▸ **About this exercise**
Exact reproduction of the data is required, with images excluded.

▸ **Information shown**
•••
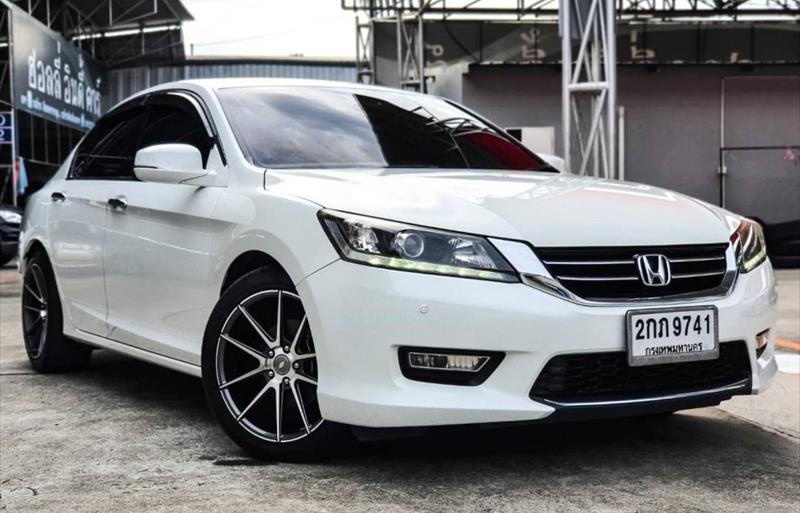 ขายรถเก๋งมือสอง-honda-ฮอนด้า-accord-แอคคอร์ด-รถปี2013-รหัส76226-581db700.jpg ขายรถเก๋งมือสอง-honda-ฮอนด้า-accord-แอคคอร์ด-รถปี2013-รหัส76226-581db700.jpg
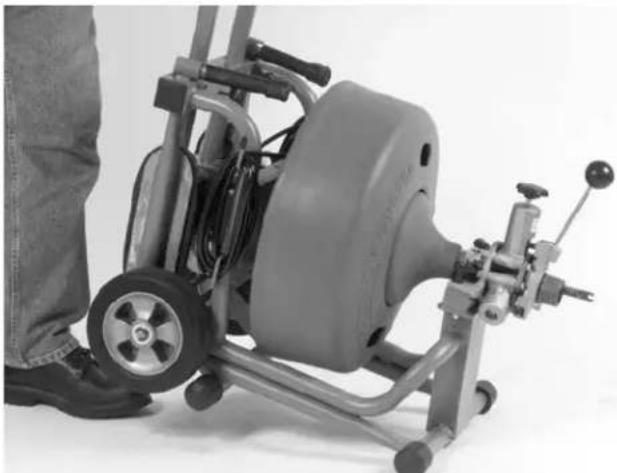 RIDGID C24 - máquina y la zona de trabajo debidamente. Para preparar la Máquina para su uso deben seguirse los siguientes procedimientos: - 2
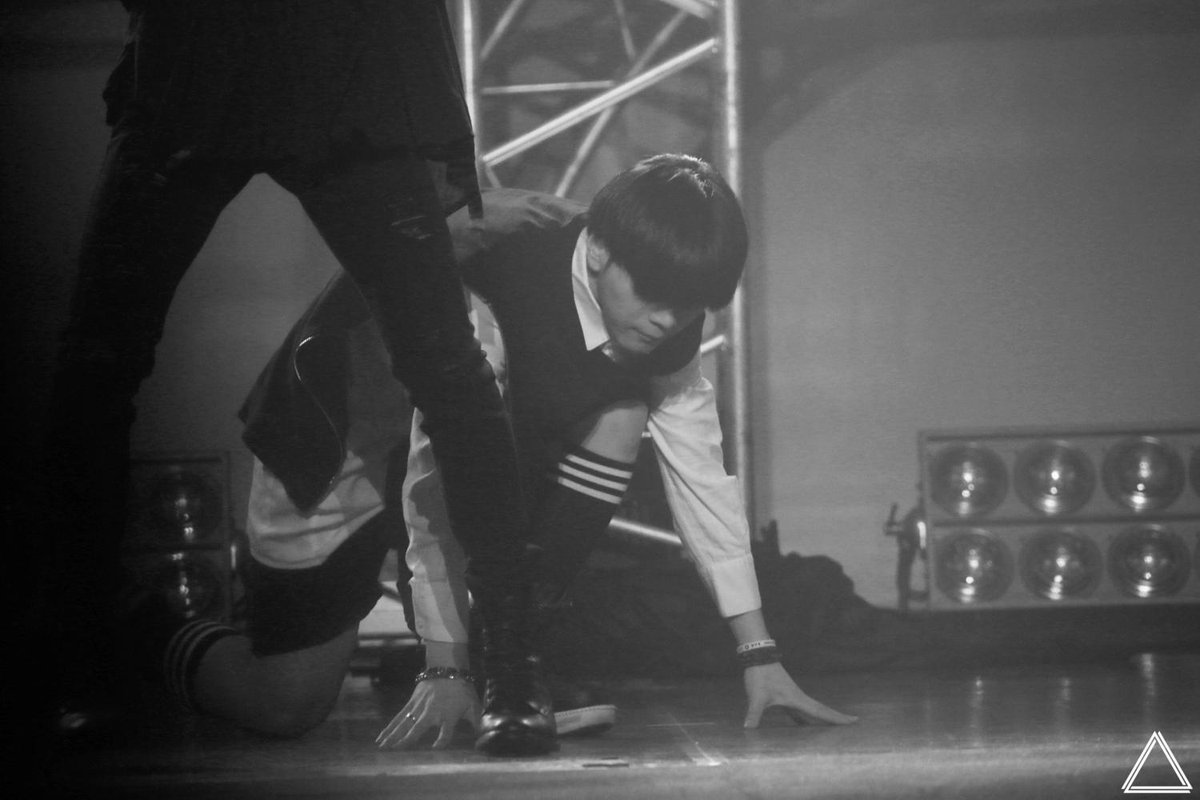 triangular__'s tweet image. 150107 탑독 일본 콘서트 #한솔 #hansol #탑독 #toppdogg
imgur.com/XVIbunx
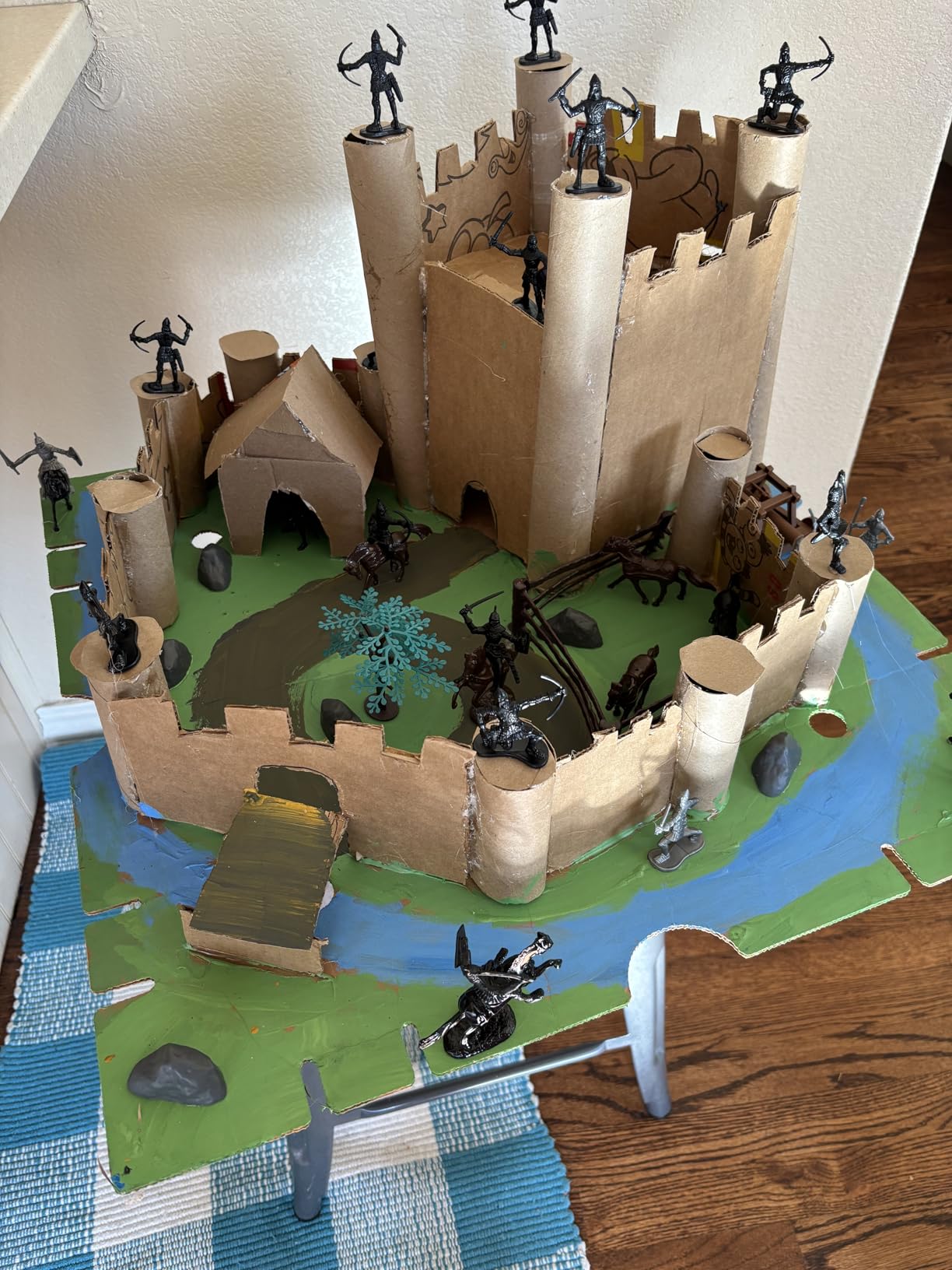 Amor Present 124PCS Medieval Knights Playset, with Storage Bag customer photo 1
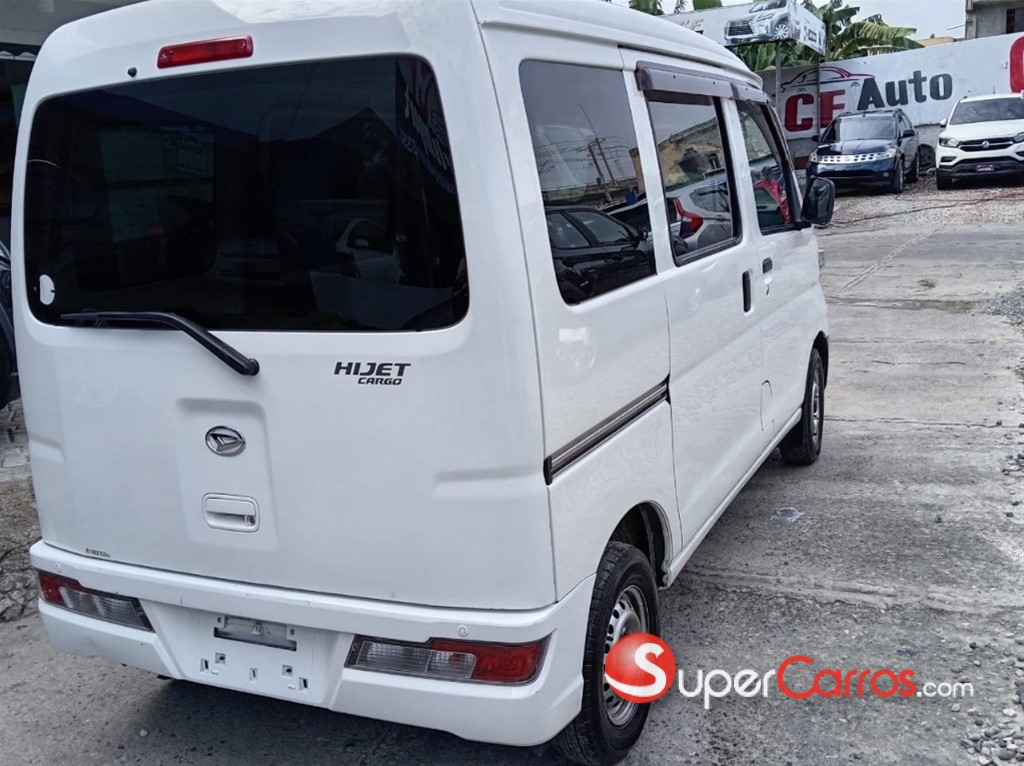 2020 Daihatsu Hijet — foto 7 / 11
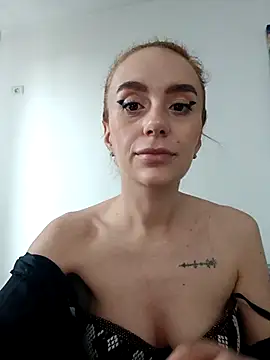 Snapshot of ellie-blue chatting on 12-01-25, 09:14 ellie-blue online show from 12-01-25, 09:14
•••
▸ **Written answer**
 ขายรถเก๋งมือสอง-honda-ฮอนด้า-accord-แอคคอร์ด-รถปี2013-รหัส76226-581db700.jpg ขายรถเก๋งมือสอง-honda-ฮอนด้า-accord-แอคคอร์ด-รถปี2013-รหัส76226-581db700.jpg
 RIDGID C24 - máquina y la zona de trabajo debidamente. Para preparar la Máquina para su uso deben seguirse los siguientes procedimientos: - 2
 triangular__'s tweet image. 150107 탑독 일본 콘서트 #한솔 #hansol #탑독 #toppdogg
imgur.com/XVIbunx
 Amor Present 124PCS Medieval Knights Playset, with Storage Bag customer photo 1
 2020 Daihatsu Hijet — foto 7 / 11
 Snapshot of ellie-blue chatting on 12-01-25, 09:14 ellie-blue online show from 12-01-25, 09:14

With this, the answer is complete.